Our analysis of Hackathon Projects: Part 3
In this post, we’re going to mention more results from our analysis of Hackathon projects. Some basic trends and results were discussed in Part 1 and 2. This post mentions about the trends observed based on the team size and experience in winning projects. We also try to fit a classifier on the projects to predict a future winning entry. This data was viewed on a sub-sample of projects(10000 projects).
Feature vector: Our feature vector consisted of filtered tags, team experience and number of members in the team. The details on feature vector and how we preprocessed the data is mentioned in Part 1. For consistency, the threshold for team members was set to 4. If a team had more than 4 members, we limited the count to 4. The same principle was applied to team experience but the threshold was set to 10.
Team member and experience trends: We looked for more trends based on user experience. We found that there’s greater probability of winning at hackathon if you have more members in your team. Even if a person has more experience, the chances of winning are less if he’s working with less
number of people. Having a team of 3 or more people even with less experience increases chances of winning.
From the chart above, if the average experience is around 2 or 3 projects then the chance of winning is more, but whereas if it is around 9 or 10 the chance of winning is less. This conveys that the team having 3–4 members with average experience works better than the team which has only 1 member with experience of 10.
Discriminating tags: Tags which are most frequent in the projects do not mean that they are discriminative of the classes. To find the tags which
differentiate winning teams from non-winning teams we used the simple entropy based technique called Information gain. Higher the information gain of a tag, purer the partition is if a decision tree is being built using it.

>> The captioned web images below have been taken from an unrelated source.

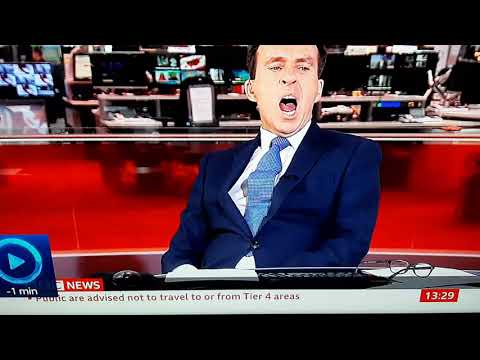 BBC newsreader yawning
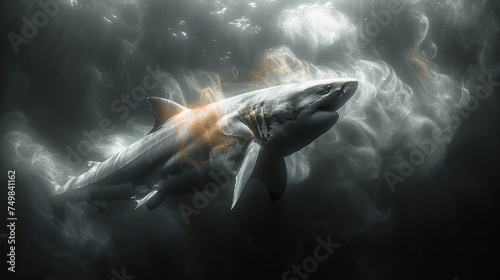 a picture of a shark in the water with a lot of smoke coming out of it's back end. photo
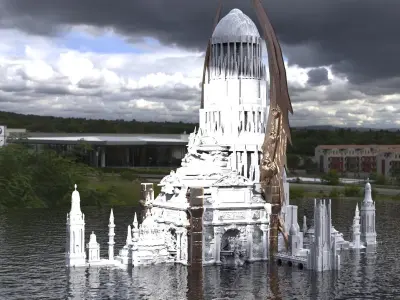 Emperors Baroque ancients stone temple 4 3D model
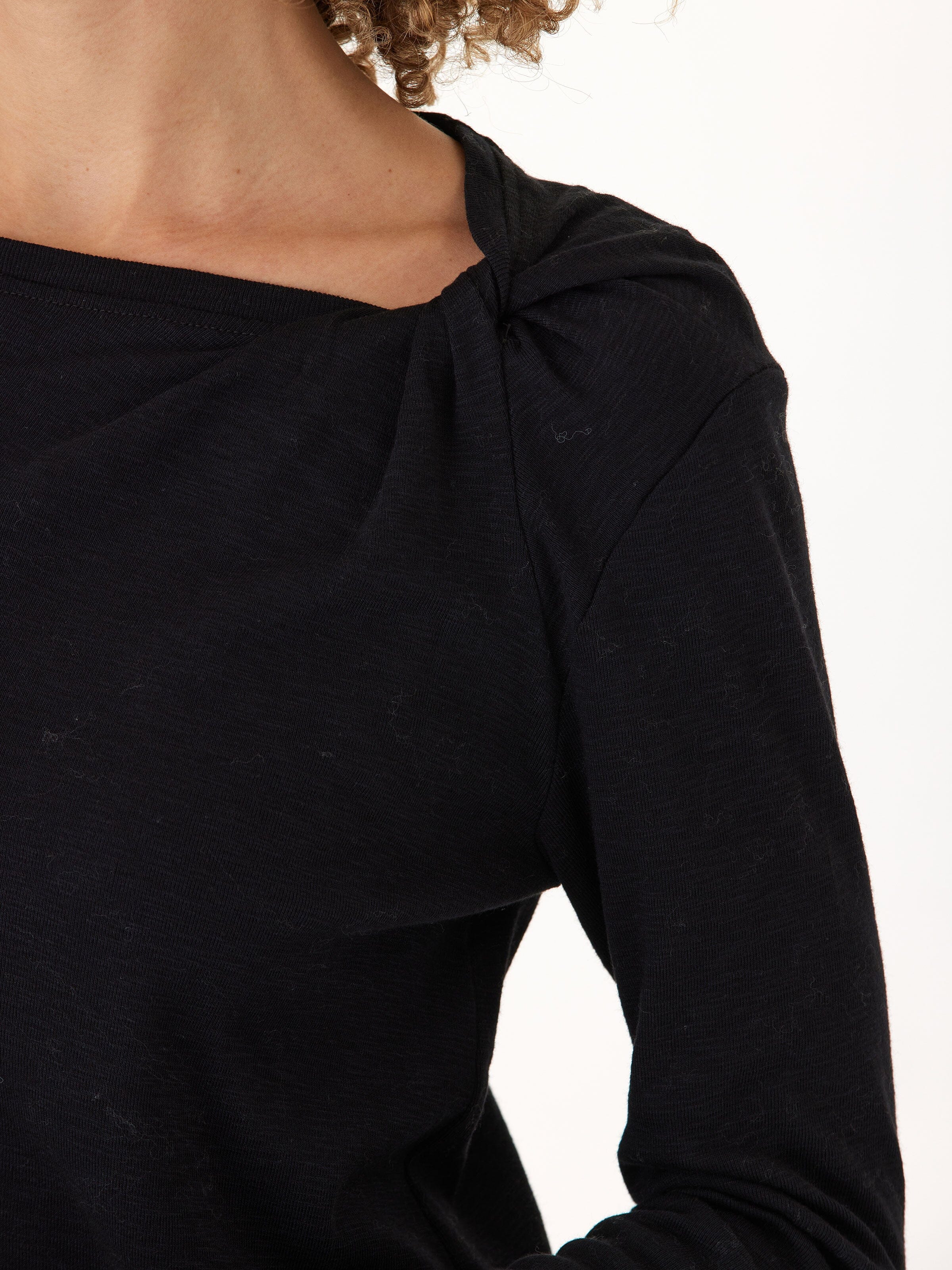 Francine Textured Slub Jersey Twist Long Sleeve Top in Black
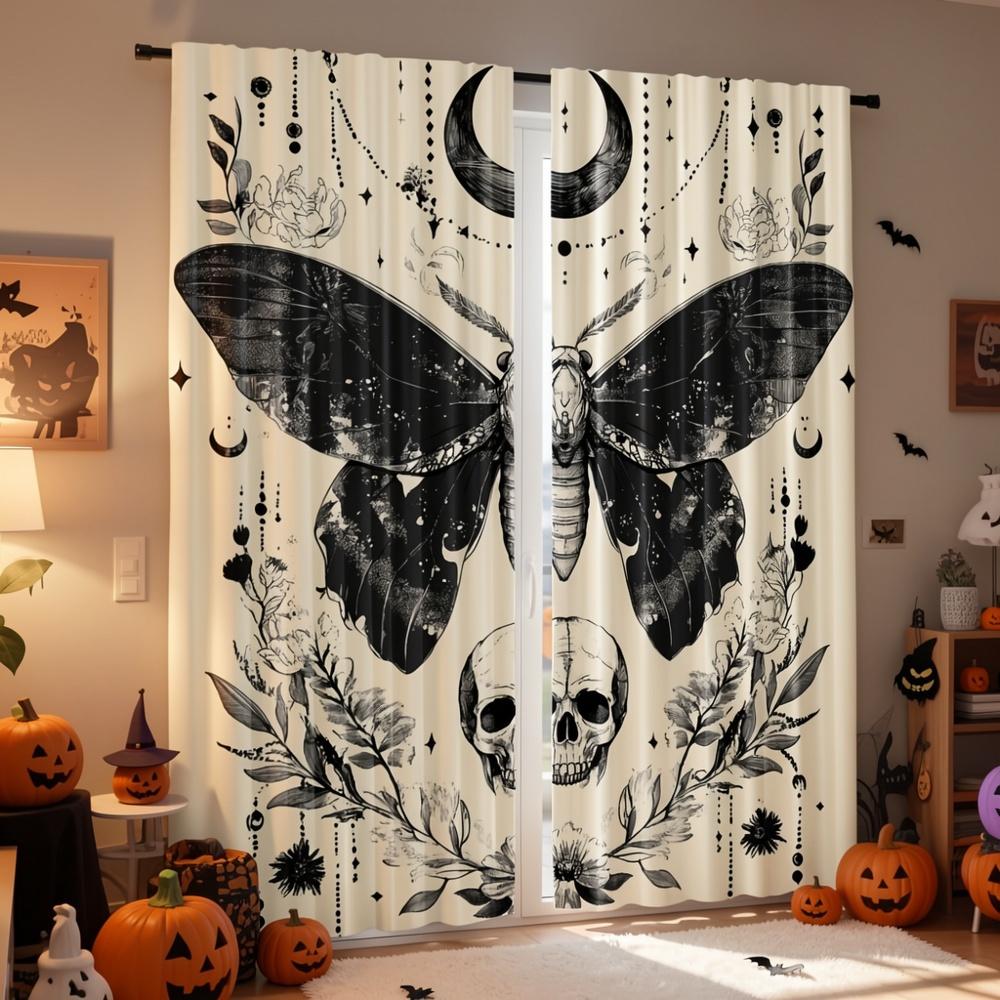 2PCS Digital Print Curtains, Gothic Moon Moth Floral, Gothic Mystic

About information gain: Suppose we were to partition tuples in partition D on some attribute A then, the Information gain for attribute A is mathematically given by the formula,
Gain(A) = Info(D) — InfoA(D)
Info(D) is intuitively just the average amount of information needed to identify the class label of a tuple in partition D. It is also known as the entropy of D, and is given by,
pi = probability that an arbitrary tuple in D belongs to class Ci
Now, supposes we wish to split partition D on attribute A having
v distinct values. Ideally we would want the partitions to represent only one of the classes, but it is quite likely that we end up with impure partitions. Thus for each attribute we calculate how much more information would we still need after partitioning on that attribute to arrive at pure partitions. It is quantified as,
Smaller the information required purer will be the partition. The attribute
A with the highest information gain, Gain(A), is chosen as the splitting attribute. This is equivalent to saying that we want to partition on the attribute A that would do the “best classification,” so that the amount of information still required to finish classifying the tuples is minimal. One of the disadvantages of this measure is that it tends to be biased towards the
attributes taking multiple values. Although, this doesn’t affect performance in our case since the attributes are binary.

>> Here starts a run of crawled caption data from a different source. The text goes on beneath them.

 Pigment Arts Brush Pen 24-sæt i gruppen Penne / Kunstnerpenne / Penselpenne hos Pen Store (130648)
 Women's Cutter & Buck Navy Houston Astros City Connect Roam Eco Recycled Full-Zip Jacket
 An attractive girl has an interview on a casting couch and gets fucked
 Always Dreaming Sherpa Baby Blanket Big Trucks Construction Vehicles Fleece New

In our data, Hardware, Node.JS, iOS had the one of the highest information gain.
Classifier:
Given the trends observed in the tags and team compositions, we tried to fit a classifier model to the data for predicting for future entries. We have used three different classifiers namely:
1. Naïve Bayes
2. C 4.5 [8]
3. Random Forest (Ensemble)
The classifiers were run using Weka. 10-fold cross validation was performed to assess performance of each classifier. Following table shows the performance of each classifier.
Random Forest Accuracy Vs. Number of Tag features:
Each feature vector in our training set has 110 tags. More is the number of features higher is the computational complexity and time required for training. In the following experiment we studied the effect of reducing the number of features on the performance of Random Forest classifier. From the chart below we can see that as the number of features (tags) reduces the accuracy of the classifier drops.
Addressing class imbalance problem: Class imbalanced data is a data in which the main class of interest is rare. In our data as the number of winning projects are almost only 10% of total data.
It was found that using Random Forest Ensemble classifier gave good results on this dataset. We also tried techniques like oversampling, undersampling and SMOTE but it lead to reduced precision.
Conclusion: This is only the initial phase of the study of data and to learn the concepts of data mining. Any comments(even pointing out the mistakes) are most welcome as well as suggestions for improvements. We did not have any time based(temporal) data otherwise we could’ve looked for more patterns. Thanks to people at Devpost for helping with data and API.